For local communities AFFH is not only a clear violation of sovereignty, but also an unnecessary cost burden which can cripple local economies. Westchester County Executive Robert Astorino stated that of the $5.2 million annual community development block grant for the county in N.Y., HUD’s eventual goal was for over 10,000 new housing units, at a compliance cost to the county of $1 billion.
If that proportion held, the costs of implementing this regulation would be hundreds of billions of dollars for communities nationwide.

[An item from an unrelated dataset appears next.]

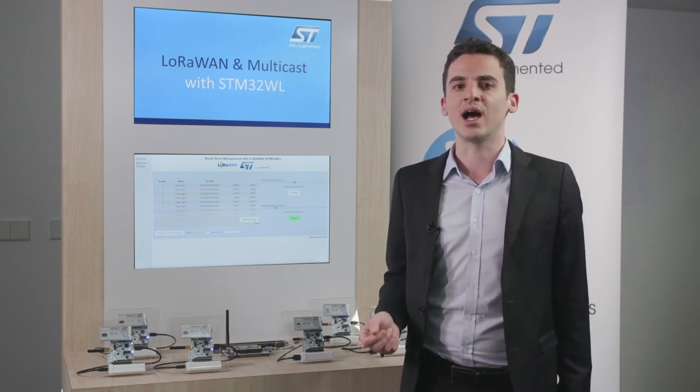In the framework of this demonstration, LoRaWAN frames — uplink and downlink — are exchanged through our commercially available STM32F7-based development gateway. On the network side, everything runs on Actility's ThinkPark suite of LoRaWAN core network software, enriched with the ThinkPark reliable multicast server.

The $889 million increase in THUD Appropriations Act of 2016 may not be reason enough to vote no — particularly if AFFH can still be stopped. The cost of rejecting the bill for a slight increase in the budget number could have a devastating impact on compliance costs to local communities, not to mention the end of local zoning authority.
Right now, the Senate-passed THUD bill is with the House Rules Committee, meanwhile, the House’s version of the legislation appears to be permanently stalled.
Here is the simple fact: This legislation will probably have an increase in spending with or without the AFFH defund.
The only question is if House Republicans can prioritize defunding AFFH?
The consequence of failing to act could be allowing a regulation that cripples local communities’ decision-making abilities and puts faceless bureaucrats in charge of redrawing neighborhoods.
The defund of AFFH is not only vital to local government control over zoning and reining in the overreach which Obama has committed, but is also critical for the economic success of local communities. But without Republicans passing THUD appropriations legislation they passed in both 2014 and 2015, the regulation is guaranteed to remain in effect.
Defunding AFFH is waiting for action. Now it is just time for House Republicans to commit to getting it across the finish line.
Natalia Castro is a contributing editor at Americans for Limited Government.